The contract to build a long-range strike bomber is expected to be worth around $80 billion to the winner in coming decades. GAO is due to rule on the issue by Feb. 16, 2016.
“We had a very deliberate process. We took our time,” James said. “It was key that we do it correctly and we believe that we did do it correctly.”
James said the Air Force’s decision was subject to several reviews before being announced, including one carried out by the Department of Defense and a separate legal review.
Boeing and Lockheed, the Pentagon’s two largest suppliers who worked as a team on the bid, said last week they believed the Air Force process was “fundamentally flawed” and did not properly evaluate the relative or comparative risk of the competing bids.

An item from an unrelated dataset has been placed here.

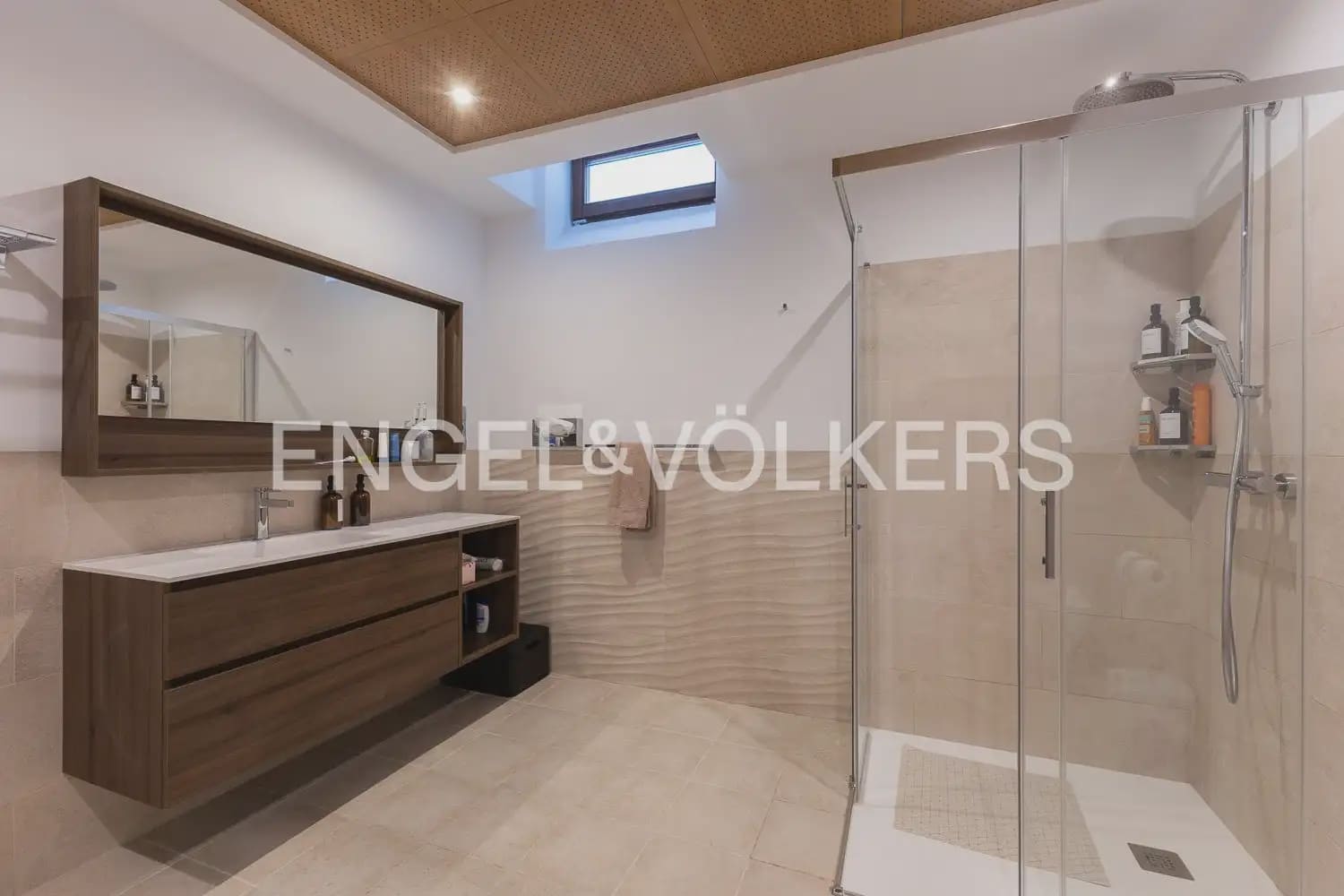 6 bedroom Villa for sale in Chiva with pool garage - € 1,850,000 (Ref: 9898139)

They said they were concerned about the Air Force’s use of cost data from earlier bomber programs to assess the pricing of the planes, devaluing innovations and new manufacturing processes implemented in recent years, sources said at the time.
Analysts had widely expected that whoever lost out on the deal, either Boeing and Lockheed or Northrop, would protest the award, given its size and a dearth of other large-scale U.S. arms programs in coming years.
James told reporters that historical cost data was part of the process, but other factors also played a role. “It was more complex than that. It wasn’t that and that alone,” she said.
James said the decision was subject to a variety of peer reviews and was informed by several independent cost estimates.
“Independent cost estimators, particularly when you go to multiple sources .... they do have this pesky thing called data and facts on their side more often than not,” she said. “We’ll just have to see where the GAO comes out.”